Des jeunes découragés qui ne reprendraient pas l'exploitation familiale, c'est ce que craignent principalement ces agriculteurs. Il faut dire que la filière française souffre d'un contexte économique particulièrement défavorable. "Les produits français sont en grande partie consommés par les consommateurs français. Quand on est dans une période inflationniste pour les consommateurs, on voit que c'est l'effet prix qui joue le plus. Et si des produits étrangers sont plus compétitifs, évidemment qu'ils vont être particulièrement consommés sur le marché français", analyse Karine Daniel, économiste à l'École supérieure d'agriculture d'Angers.

 

Forte hausse des importations en provenance d'Ukraine

Une concurrence européenne déloyale qui casse les prix et que dénoncent ces agriculteurs, comme Jérôme Bailly, éleveur de bovins à viande en Haute-Garonne. "On est vraiment soumis à la concurrence déloyale des autres pays. On importe des produits avec OGM alors qu'en France, c'est interdit. On importe de l'agneau de Nouvelle-Zélande, je pense qu'écologiquement, ce n'est pas le mieux. Alors qu'en France on fabrique du très bon agneau, on est capable d'élever de la très bonne marchandise", insiste-t-il. "L'Agriculture française est l'agriculture la plus saine au monde, il faut quand même l'entendre. Il est temps de remettre l'agriculture vraiment au centre des débats. Je pense que le métier de l'agriculture est en voie de disparition".

En effet, les importations agricoles sont en forte hausse, notamment celles en provenance d'Ukraine. Pour soutenir l'économie ukrainienne en temps de guerre, l'Europe facilite l'importation de produits ukrainiens, notamment la volaille et le sucre. Et cet afflux supplémentaire de marchandises fragilise l'agriculture française.

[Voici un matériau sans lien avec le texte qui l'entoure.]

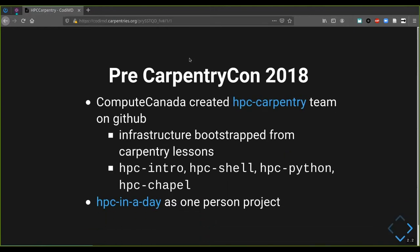Prior to CarpentryCon 2018 in Dublin, there was a lot of material out there. Notably, Compute Canada created an HPC Carpentry team on GitHub and set up the infrastructure bootstrapped from Carpentry lessons. They conceived four main lessons: HPC Intro — an introduction to the scheduler; HPC Shell — a focused introduction to the Unix shell; HPC Python — including an introduction to Python and workflow management with Snakemake; and HPC Chapel — focusing on parallelization via that programming language. I also conceived Carpentry-inspired material called HPC in a Day.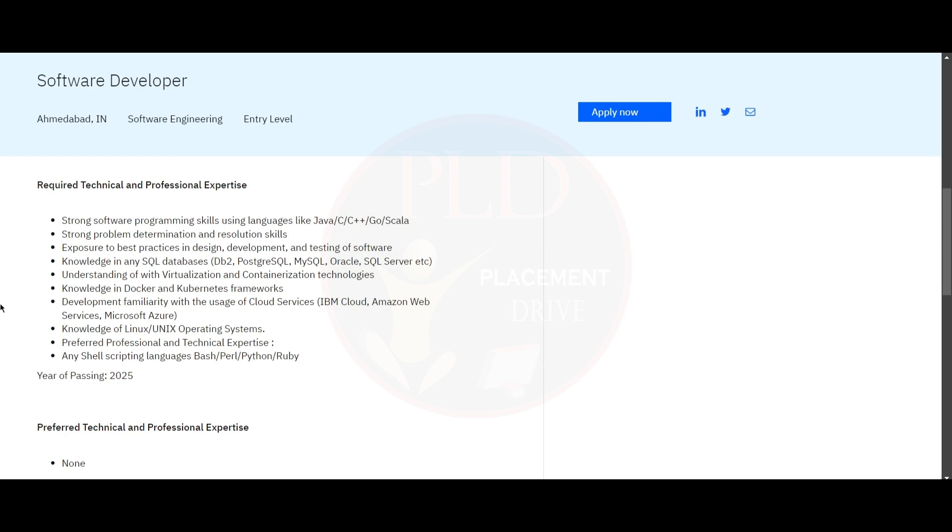And development familiarity with the usage of cloud services like IBM Cloud, AWS, and Microsoft Azure.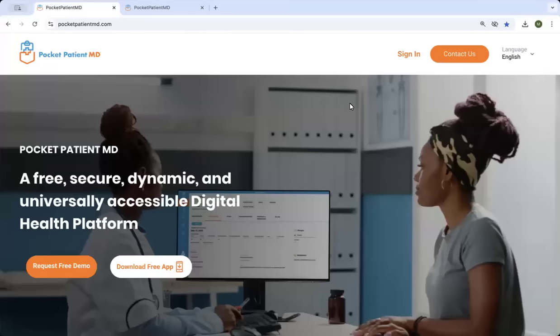Hello, this is Pocket Patient MD. Pocket Patient MD is a free, secure, dynamic electronic medical record and digital health platform.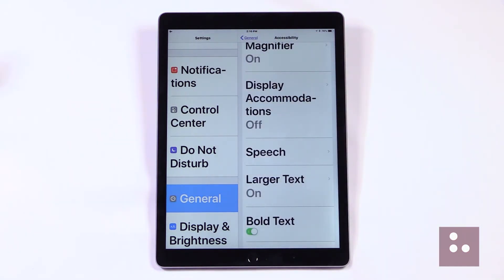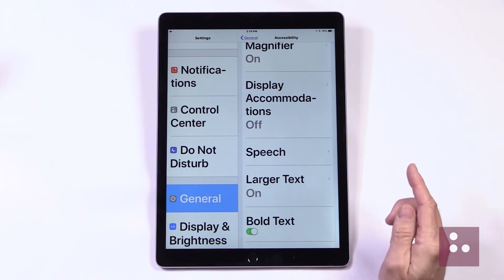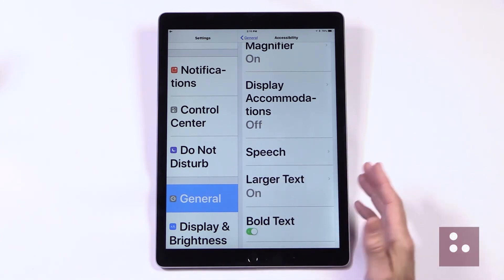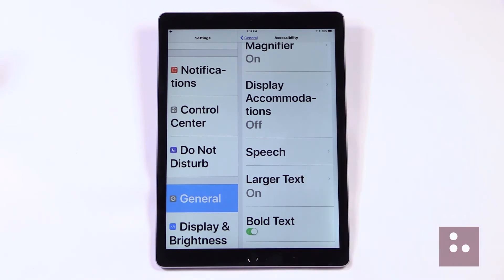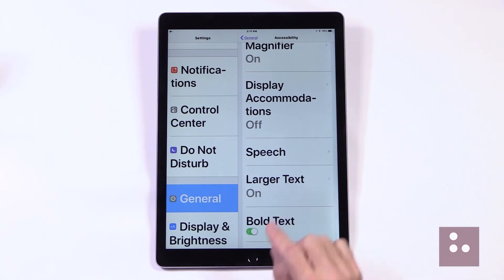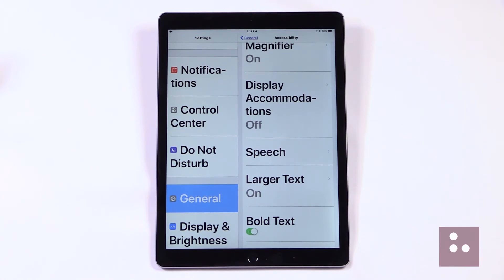The next item in our list really is my favorite low vision accessibility feature — this is our Large Text feature, or what Apple likes to call Dynamic Type. Dynamic Type is super handy and it's going to enlarge the text across all of our native apps, like our Calendar, our Mail, and as we can see, we can even enlarge our text right here in our Settings app. We have an iFocus video called Adjusting the Text Size — that's another iFocus video you're really going to want to check out.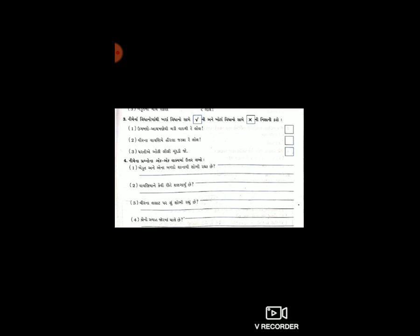હવે આવે છે પ્રશ્ન નંબર ચાર - નીચેના પ્રશ્નોના એક-એક વાક્યમાં ઉત્તર આપો. પહેલું: ખેડૂત અને એના બળદો શાનથી શોભી રહ્યા છે? જવાબ: ખેડૂત એના માથે બાંધેલા લીલા રંગના કસ્થ્બી-રંગના ફેટાથી, અને બળદો એની ડોકે બાંધેલ ઘૂઘર-માળથી શોભી રહ્યા છે.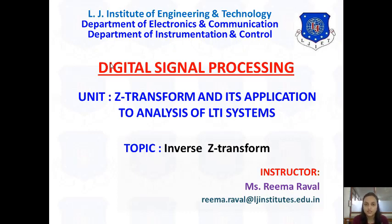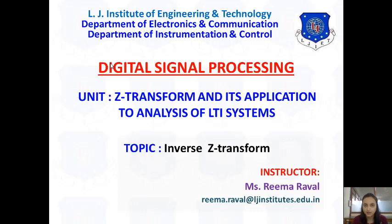Welcome to Digital Signal Processing Online Lectures. I'm Marcel Prima Ravad from LJ Institute of Engineering Technology. Today's topic is inverse Z-transform and its applications to analysis of LTI systems. In the previous session, we covered the methods of finding inverse Z-transform: partial fraction method and power series method. In today's session, we are going to see the power series method.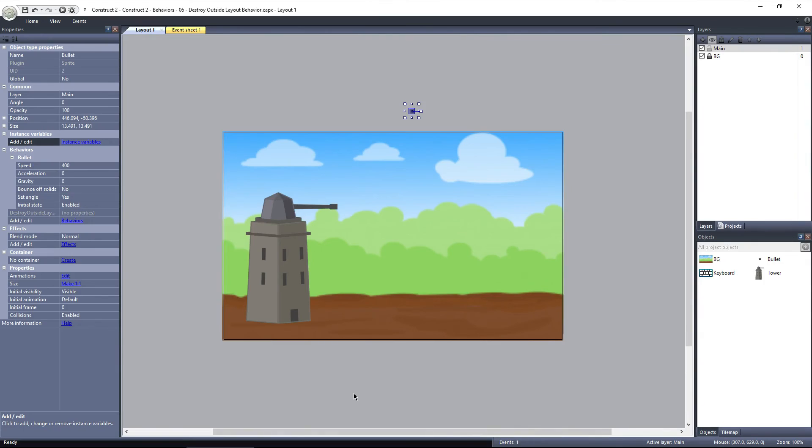As you can see, Destroy Outside Layout is not a hard behavior to understand, but it is an essential behavior to have added to your toolbox. By utilizing this behavior when necessary, you will drastically improve the performance of your games.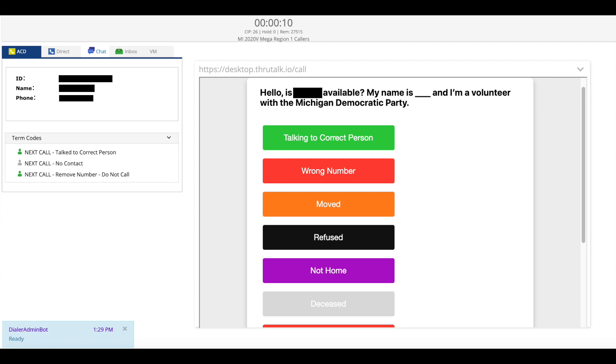In the right part of your screen you will see the script that you'll be using. You'll start out by introducing yourself and asking to speak to the voter listed on the left and if you are talking to the correct person you will click the green button and get started with the script.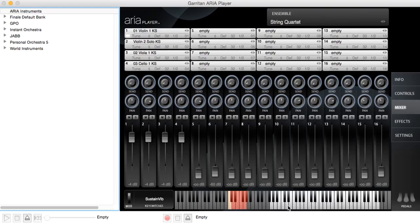Either way, you can play through the instrument and see what it sounds like. The lit keys are its range, the ones that are grayed out are notes that it can't play. And the red keys are the key switches that give different articulations of the instrument. And the one that's yellow is the one that's currently being used. And you can see the name of the key switch you've chosen over here. So this is sustained vibrato.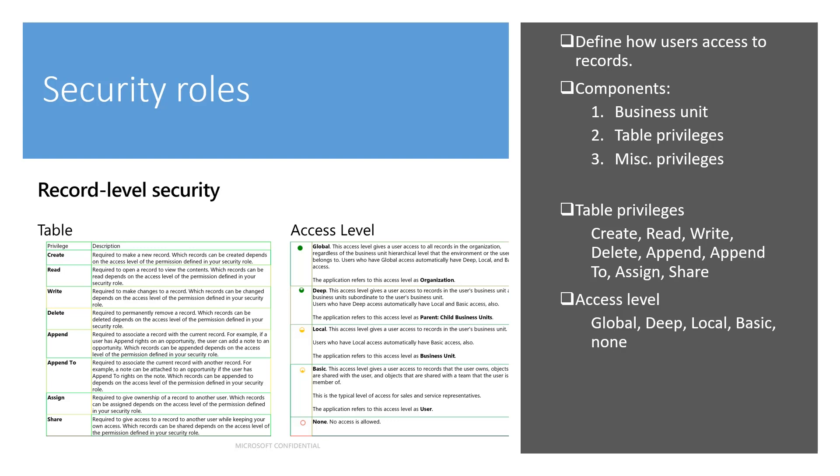There are three major components in a security role. Business unit: Each business unit contains a set of security roles which define data access of the business unit. Table privileges: A security role can contain a set of tables that it has access to. Miscellaneous or task-based privileges: A security role can contain a set of miscellaneous or task-based privileges it has access to.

"On a signé un accord de libre-échange avec l'Ukraine en 2015 et là, on accélère son application, avec notamment un démantèlement total des droits de douane qui étaient appliqués sur des produits ukrainiens", détaille Thierry Pouch, économiste aux Chambres d'agriculture de France. "Donc, ce surcroît important d'importations pénalise économiquement les agriculteurs français." Une situation qui, selon eux, pourrait menacer à court terme la souveraineté alimentaire de la France.